- [Data for the task]:
[Start of section]

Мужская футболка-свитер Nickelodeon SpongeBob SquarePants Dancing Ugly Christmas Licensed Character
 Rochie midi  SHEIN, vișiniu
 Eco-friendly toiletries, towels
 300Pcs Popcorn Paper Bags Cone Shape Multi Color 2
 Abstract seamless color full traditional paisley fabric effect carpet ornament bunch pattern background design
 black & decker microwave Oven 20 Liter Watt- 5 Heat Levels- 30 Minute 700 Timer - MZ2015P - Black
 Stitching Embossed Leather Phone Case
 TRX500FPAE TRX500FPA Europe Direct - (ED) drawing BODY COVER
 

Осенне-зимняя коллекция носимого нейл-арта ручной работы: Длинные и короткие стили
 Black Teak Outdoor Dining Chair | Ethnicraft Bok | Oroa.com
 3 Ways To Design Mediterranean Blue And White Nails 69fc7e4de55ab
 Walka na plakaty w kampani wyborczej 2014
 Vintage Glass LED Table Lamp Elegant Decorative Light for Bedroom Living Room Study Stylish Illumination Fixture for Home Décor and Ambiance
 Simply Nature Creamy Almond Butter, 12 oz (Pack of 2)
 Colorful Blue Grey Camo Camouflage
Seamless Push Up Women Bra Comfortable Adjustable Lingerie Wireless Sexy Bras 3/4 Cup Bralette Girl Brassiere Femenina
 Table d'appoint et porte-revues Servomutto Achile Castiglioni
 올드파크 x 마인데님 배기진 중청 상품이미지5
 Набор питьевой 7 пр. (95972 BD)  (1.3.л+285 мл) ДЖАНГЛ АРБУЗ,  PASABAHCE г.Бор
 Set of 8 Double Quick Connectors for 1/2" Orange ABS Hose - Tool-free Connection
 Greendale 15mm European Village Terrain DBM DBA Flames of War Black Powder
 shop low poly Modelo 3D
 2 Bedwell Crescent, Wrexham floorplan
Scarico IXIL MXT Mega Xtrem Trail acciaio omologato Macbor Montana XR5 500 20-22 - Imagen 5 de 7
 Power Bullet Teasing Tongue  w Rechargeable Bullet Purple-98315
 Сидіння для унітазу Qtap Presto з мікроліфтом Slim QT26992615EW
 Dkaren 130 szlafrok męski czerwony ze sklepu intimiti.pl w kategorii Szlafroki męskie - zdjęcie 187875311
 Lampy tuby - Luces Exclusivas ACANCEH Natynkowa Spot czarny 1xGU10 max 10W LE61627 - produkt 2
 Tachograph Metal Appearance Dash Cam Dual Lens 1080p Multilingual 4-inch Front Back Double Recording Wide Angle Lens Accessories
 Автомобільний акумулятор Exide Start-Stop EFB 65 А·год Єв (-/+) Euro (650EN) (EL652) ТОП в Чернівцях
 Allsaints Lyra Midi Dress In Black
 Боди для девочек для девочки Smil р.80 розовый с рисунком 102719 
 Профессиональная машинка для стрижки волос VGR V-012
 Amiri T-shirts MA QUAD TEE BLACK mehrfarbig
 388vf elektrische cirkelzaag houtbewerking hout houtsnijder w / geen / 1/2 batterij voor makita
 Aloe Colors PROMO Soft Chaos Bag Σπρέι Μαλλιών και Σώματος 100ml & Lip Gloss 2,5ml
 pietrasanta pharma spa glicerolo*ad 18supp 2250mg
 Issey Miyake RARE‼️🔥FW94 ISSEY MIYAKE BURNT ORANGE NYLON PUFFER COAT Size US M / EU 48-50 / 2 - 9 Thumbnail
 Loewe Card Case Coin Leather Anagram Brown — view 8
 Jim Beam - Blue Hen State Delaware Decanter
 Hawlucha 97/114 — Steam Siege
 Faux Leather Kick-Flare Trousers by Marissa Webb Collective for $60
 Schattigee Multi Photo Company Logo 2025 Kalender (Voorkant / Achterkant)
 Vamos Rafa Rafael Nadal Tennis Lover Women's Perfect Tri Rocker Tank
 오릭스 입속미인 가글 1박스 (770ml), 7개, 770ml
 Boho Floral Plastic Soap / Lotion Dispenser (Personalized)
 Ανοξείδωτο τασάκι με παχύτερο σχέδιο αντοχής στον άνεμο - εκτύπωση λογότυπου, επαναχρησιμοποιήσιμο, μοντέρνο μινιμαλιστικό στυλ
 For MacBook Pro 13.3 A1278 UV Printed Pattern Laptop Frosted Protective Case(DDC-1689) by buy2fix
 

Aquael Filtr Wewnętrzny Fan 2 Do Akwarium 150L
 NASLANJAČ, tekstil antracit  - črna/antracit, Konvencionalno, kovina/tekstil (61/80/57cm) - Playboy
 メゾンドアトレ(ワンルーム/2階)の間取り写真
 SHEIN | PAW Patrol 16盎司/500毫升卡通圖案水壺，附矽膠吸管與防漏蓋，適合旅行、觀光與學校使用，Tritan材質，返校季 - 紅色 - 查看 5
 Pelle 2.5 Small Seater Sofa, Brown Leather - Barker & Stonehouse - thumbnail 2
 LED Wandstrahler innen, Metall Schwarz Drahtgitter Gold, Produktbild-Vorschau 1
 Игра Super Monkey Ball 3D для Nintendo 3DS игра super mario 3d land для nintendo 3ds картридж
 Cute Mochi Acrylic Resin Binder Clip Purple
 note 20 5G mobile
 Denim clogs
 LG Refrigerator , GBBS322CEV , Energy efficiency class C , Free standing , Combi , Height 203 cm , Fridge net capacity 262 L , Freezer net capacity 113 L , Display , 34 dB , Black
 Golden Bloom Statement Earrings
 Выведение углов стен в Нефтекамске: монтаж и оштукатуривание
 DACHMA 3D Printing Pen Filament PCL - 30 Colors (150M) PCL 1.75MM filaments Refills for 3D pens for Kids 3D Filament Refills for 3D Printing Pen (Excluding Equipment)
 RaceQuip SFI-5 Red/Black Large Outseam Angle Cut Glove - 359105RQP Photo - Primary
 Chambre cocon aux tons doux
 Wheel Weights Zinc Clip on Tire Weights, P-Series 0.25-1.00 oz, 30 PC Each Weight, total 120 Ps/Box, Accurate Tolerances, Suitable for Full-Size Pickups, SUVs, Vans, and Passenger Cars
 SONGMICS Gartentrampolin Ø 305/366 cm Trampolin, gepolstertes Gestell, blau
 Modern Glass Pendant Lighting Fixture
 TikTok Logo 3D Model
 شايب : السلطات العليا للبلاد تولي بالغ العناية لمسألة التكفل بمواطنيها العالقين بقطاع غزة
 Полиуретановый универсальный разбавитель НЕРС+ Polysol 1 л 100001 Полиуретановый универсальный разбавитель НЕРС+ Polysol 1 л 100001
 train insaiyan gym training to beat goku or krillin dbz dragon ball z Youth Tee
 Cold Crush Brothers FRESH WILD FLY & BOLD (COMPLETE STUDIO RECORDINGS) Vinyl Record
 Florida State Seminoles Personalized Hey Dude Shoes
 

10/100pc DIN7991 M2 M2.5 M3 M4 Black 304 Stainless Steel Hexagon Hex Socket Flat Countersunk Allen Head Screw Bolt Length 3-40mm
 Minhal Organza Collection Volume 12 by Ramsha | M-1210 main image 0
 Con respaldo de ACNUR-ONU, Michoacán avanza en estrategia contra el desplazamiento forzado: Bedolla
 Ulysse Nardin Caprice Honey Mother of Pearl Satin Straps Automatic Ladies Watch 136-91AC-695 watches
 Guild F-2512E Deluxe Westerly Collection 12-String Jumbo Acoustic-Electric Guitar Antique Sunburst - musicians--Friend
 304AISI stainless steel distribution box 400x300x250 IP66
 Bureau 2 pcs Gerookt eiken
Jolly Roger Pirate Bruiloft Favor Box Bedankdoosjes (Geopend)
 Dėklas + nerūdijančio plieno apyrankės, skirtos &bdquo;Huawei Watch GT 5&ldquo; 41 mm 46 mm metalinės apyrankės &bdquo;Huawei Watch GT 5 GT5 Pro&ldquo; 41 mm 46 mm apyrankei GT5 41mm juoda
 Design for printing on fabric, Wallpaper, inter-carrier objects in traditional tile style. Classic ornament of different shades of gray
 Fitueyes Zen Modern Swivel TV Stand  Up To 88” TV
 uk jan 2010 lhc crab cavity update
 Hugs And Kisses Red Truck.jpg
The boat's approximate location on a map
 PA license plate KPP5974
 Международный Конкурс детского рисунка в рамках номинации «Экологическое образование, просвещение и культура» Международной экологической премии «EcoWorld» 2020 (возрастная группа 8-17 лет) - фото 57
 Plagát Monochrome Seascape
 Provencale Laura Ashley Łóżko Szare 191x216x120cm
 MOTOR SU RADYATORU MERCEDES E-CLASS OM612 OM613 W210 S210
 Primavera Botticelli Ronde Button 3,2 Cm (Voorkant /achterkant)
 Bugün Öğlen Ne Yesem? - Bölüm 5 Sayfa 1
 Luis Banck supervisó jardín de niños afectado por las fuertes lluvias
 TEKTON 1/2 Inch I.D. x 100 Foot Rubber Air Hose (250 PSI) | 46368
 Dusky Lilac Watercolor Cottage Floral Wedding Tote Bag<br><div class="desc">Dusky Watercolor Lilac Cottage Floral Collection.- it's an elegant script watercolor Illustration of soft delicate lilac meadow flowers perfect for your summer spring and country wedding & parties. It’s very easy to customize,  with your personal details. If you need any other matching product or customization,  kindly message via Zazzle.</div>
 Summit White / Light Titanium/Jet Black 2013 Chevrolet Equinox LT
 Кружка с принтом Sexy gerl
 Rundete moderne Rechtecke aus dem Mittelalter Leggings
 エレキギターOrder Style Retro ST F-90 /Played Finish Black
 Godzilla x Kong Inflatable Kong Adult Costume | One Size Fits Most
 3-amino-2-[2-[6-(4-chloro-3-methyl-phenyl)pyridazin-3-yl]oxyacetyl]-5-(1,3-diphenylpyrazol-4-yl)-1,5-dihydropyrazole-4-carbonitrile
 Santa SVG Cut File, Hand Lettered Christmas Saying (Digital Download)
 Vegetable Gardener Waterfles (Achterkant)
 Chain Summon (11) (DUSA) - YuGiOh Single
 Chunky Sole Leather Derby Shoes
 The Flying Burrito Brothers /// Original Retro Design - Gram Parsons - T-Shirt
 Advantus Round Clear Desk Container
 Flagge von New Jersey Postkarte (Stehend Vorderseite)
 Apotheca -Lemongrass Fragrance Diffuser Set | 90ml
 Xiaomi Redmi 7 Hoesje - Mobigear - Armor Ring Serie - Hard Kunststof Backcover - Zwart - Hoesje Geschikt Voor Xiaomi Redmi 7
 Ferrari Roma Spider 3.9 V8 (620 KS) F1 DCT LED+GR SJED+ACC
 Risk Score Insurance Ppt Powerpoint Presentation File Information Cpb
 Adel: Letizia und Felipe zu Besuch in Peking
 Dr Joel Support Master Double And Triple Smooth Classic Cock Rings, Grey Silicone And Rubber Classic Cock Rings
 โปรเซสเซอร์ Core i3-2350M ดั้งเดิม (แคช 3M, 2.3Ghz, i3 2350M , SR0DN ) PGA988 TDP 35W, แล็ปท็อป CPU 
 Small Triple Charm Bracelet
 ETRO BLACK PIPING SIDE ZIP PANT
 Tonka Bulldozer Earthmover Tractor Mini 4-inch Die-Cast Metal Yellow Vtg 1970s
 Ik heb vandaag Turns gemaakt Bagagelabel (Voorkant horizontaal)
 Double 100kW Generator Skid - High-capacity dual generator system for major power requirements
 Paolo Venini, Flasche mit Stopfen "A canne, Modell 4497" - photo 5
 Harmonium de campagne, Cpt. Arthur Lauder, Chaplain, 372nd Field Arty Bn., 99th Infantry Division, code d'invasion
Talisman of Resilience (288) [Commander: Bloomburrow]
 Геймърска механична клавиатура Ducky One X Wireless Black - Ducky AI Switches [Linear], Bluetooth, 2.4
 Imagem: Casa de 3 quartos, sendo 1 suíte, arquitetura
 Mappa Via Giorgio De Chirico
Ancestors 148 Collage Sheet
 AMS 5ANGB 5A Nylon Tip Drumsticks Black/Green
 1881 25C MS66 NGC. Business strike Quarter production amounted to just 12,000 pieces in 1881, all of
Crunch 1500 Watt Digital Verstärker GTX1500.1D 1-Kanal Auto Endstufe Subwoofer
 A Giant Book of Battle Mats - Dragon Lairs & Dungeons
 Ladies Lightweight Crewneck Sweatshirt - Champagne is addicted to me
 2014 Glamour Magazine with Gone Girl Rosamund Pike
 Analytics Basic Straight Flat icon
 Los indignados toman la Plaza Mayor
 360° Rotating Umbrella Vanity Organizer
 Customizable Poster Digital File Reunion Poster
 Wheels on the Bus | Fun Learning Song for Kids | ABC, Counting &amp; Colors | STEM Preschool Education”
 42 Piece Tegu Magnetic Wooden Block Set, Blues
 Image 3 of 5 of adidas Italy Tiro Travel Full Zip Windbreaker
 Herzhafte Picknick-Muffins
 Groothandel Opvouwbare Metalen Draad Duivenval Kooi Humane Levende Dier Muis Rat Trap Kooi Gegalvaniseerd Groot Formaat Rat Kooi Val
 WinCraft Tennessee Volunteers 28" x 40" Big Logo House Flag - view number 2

[End of section]

- [Exercise instructions]: Given the records above, reproduce precisely and only the lines between the line holding "Cute Mochi Acrylic Resin Binder Clip Purple" and the line holding "Wheel Weights Zinc", inclusive.

- [Solution for this problem]:
 Cute Mochi Acrylic Resin Binder Clip Purple
 note 20 5G mobile
 Denim clogs
 LG Refrigerator , GBBS322CEV , Energy efficiency class C , Free standing , Combi , Height 203 cm , Fridge net capacity 262 L , Freezer net capacity 113 L , Display , 34 dB , Black
 Golden Bloom Statement Earrings
 Выведение углов стен в Нефтекамске: монтаж и оштукатуривание
 DACHMA 3D Printing Pen Filament PCL - 30 Colors (150M) PCL 1.75MM filaments Refills for 3D pens for Kids 3D Filament Refills for 3D Printing Pen (Excluding Equipment)
 RaceQuip SFI-5 Red/Black Large Outseam Angle Cut Glove - 359105RQP Photo - Primary
 Chambre cocon aux tons doux
 Wheel Weights Zinc Clip on Tire Weights, P-Series 0.25-1.00 oz, 30 PC Each Weight, total 120 Ps/Box, Accurate Tolerances, Suitable for Full-Size Pickups, SUVs, Vans, and Passenger Cars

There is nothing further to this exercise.